Description
es.index.auto.create
should govern whether elasticsearch-hadoop automatically creates indices or not. At least for Hadoop MapReduce, a check for whether the index exists is done in org.elasticsearch.hadoop.mr.EsOutputFormat#init
which is called when a job is submitted. However, after that check, auto-creation is then no longer checked.
This causes an issue that if an index is deleted while it is being written to, the index can be recreated in org.elasticsearch.hadoop.mr.EsOutputFormat.EsRecordWriter#init
. This happens in the first write to the EsRecordWriter
.
If for instance action.auto_create_index
is disabled for an Elasticsearch cluster when an index is deleted, writes to it will fail. However, if e.g. a MapReduce task is retried because of this, the check in EsOutputFormat#init
is not done, so the index is (re-)created in EsRecordWriter#init
. In case of a bare index (e.g., not managed by index templates) the index is created without a mapping which can cause all sorts of trouble.
A partial stacktrace is included for reference below:
"REDACTED" prio=5 tid=0x215 nid=NA runnable
java.lang.Thread.State: RUNNABLE
at org.elasticsearch.hadoop.rest.RestClient.touch(RestClient.java:556)
at org.elasticsearch.hadoop.rest.RestRepository.touch(RestRepository.java:373)
at org.elasticsearch.hadoop.rest.RestService.initSingleIndex(RestService.java:658)
at org.elasticsearch.hadoop.rest.RestService.createWriter(RestService.java:634)

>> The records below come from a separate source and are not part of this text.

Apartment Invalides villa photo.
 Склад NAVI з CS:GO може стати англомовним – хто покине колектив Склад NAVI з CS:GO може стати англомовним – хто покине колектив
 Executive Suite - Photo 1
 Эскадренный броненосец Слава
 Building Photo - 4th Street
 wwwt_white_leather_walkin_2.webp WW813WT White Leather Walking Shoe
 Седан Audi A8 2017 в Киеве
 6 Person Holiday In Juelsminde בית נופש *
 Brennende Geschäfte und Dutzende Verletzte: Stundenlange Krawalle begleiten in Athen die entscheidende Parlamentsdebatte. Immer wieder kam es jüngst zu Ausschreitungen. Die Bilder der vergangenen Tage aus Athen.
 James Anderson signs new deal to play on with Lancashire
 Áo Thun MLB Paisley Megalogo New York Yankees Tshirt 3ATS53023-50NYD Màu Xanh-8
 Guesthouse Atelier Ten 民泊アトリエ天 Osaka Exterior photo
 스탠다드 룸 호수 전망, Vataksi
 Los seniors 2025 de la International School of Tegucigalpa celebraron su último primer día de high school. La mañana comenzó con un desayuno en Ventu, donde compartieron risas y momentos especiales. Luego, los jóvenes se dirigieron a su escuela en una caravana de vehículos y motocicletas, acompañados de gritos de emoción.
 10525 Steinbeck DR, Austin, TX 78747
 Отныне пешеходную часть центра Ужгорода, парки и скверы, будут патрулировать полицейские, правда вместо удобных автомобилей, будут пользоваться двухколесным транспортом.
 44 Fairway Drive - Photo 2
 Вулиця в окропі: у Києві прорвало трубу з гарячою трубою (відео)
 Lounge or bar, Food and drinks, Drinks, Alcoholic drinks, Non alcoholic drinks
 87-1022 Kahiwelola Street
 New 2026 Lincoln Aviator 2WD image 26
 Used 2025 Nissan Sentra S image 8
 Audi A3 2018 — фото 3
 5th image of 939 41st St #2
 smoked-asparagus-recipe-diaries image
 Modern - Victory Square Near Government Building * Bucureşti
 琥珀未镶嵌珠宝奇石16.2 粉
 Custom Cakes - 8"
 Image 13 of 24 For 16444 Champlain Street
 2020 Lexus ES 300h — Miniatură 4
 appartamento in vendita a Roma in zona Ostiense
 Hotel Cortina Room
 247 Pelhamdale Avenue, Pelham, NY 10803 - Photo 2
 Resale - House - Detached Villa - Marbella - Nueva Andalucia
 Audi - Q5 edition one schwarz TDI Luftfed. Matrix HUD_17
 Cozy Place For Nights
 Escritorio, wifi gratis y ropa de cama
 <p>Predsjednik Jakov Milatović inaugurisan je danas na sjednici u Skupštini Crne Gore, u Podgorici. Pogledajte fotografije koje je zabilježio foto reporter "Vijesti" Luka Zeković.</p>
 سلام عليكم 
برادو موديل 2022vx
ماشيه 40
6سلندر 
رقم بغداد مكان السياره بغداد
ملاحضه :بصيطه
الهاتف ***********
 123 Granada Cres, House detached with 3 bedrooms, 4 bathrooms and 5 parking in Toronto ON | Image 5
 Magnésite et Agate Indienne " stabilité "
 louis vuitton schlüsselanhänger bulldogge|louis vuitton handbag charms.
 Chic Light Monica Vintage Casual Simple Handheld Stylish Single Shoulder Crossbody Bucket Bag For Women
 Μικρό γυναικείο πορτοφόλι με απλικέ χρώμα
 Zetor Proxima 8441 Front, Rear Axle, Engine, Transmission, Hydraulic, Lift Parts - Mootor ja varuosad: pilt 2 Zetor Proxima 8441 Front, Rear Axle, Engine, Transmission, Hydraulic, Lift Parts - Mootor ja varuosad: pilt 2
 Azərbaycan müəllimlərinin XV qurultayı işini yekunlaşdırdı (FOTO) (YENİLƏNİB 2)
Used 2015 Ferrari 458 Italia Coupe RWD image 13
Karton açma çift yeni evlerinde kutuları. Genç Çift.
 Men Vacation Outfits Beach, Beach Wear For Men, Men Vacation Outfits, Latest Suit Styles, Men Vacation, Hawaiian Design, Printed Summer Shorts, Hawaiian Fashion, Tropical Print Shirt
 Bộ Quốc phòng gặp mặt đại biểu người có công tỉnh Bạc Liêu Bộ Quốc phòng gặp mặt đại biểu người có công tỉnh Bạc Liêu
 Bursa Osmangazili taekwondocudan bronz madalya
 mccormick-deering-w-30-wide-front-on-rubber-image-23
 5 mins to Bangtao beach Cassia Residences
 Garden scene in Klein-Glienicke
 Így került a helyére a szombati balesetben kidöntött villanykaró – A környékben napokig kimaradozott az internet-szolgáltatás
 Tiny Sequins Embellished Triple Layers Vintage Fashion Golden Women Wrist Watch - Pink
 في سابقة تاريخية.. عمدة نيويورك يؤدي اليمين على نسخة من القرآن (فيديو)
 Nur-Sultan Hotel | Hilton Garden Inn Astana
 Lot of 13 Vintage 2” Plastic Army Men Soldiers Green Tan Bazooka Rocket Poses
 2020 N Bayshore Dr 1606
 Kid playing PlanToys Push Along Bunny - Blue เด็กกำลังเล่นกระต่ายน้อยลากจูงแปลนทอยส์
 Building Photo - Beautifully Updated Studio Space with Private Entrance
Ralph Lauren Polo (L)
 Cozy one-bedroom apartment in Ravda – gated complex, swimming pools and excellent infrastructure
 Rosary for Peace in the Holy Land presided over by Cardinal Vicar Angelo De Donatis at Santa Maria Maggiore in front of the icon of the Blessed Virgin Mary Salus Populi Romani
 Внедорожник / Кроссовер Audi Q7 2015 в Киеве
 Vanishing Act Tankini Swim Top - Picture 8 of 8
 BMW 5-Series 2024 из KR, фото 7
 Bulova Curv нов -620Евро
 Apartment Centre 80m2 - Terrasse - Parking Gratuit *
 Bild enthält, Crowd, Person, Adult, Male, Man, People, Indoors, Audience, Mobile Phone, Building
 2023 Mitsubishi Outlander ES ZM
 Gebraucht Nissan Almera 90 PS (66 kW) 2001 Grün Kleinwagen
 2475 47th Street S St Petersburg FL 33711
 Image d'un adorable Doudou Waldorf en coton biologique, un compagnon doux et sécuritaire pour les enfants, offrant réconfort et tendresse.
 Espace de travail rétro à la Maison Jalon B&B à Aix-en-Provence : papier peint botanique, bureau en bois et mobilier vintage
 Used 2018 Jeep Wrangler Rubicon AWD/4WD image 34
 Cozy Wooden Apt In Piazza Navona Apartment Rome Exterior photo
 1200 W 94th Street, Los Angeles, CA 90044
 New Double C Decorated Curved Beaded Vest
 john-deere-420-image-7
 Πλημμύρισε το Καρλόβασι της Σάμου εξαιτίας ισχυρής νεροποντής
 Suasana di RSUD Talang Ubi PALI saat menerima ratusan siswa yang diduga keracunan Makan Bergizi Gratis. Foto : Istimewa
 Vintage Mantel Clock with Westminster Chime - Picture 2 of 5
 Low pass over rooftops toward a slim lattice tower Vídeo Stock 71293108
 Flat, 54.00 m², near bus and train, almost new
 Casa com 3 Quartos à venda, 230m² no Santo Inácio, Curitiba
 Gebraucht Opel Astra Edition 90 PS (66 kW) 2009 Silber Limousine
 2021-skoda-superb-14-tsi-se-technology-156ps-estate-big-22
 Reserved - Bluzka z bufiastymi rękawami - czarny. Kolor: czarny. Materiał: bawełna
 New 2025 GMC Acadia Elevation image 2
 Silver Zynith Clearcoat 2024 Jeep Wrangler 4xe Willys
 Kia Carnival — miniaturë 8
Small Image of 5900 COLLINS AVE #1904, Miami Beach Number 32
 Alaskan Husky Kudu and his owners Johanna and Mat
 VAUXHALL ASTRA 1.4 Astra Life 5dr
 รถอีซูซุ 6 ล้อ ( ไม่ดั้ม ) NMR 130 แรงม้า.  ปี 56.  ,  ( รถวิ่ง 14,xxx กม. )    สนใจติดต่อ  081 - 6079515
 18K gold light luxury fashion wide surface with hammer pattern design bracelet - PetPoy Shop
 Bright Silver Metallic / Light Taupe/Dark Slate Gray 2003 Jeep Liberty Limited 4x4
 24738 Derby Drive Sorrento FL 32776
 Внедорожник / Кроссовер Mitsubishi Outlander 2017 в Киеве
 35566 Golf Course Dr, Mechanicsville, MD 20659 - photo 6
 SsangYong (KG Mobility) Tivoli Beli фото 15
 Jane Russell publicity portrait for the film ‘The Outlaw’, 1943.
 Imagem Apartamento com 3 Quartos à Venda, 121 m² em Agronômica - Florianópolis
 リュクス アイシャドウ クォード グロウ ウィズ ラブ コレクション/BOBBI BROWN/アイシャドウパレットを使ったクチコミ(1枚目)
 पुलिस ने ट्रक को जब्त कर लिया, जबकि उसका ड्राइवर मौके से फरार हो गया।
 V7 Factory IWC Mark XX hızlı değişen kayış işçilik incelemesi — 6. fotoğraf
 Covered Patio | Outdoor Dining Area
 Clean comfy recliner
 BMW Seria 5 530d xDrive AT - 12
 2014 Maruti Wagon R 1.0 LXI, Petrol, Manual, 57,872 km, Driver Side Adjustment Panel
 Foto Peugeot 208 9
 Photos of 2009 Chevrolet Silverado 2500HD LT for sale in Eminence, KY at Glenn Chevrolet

at org.elasticsearch.hadoop.mr.EsOutputFormat$EsRecordWriter.init(EsOutputFormat.java:175)
at org.elasticsearch.hadoop.mr.EsOutputFormat$EsRecordWriter.write(EsOutputFormat.java:150)
...
A possible solution could be to check es.index.auto.create
somewhere around / in org.elasticsearch.hadoop.rest.RestRepository#touch
.
I'd be happy to do the coding and provide a PR. But I'd like to get some feedback first.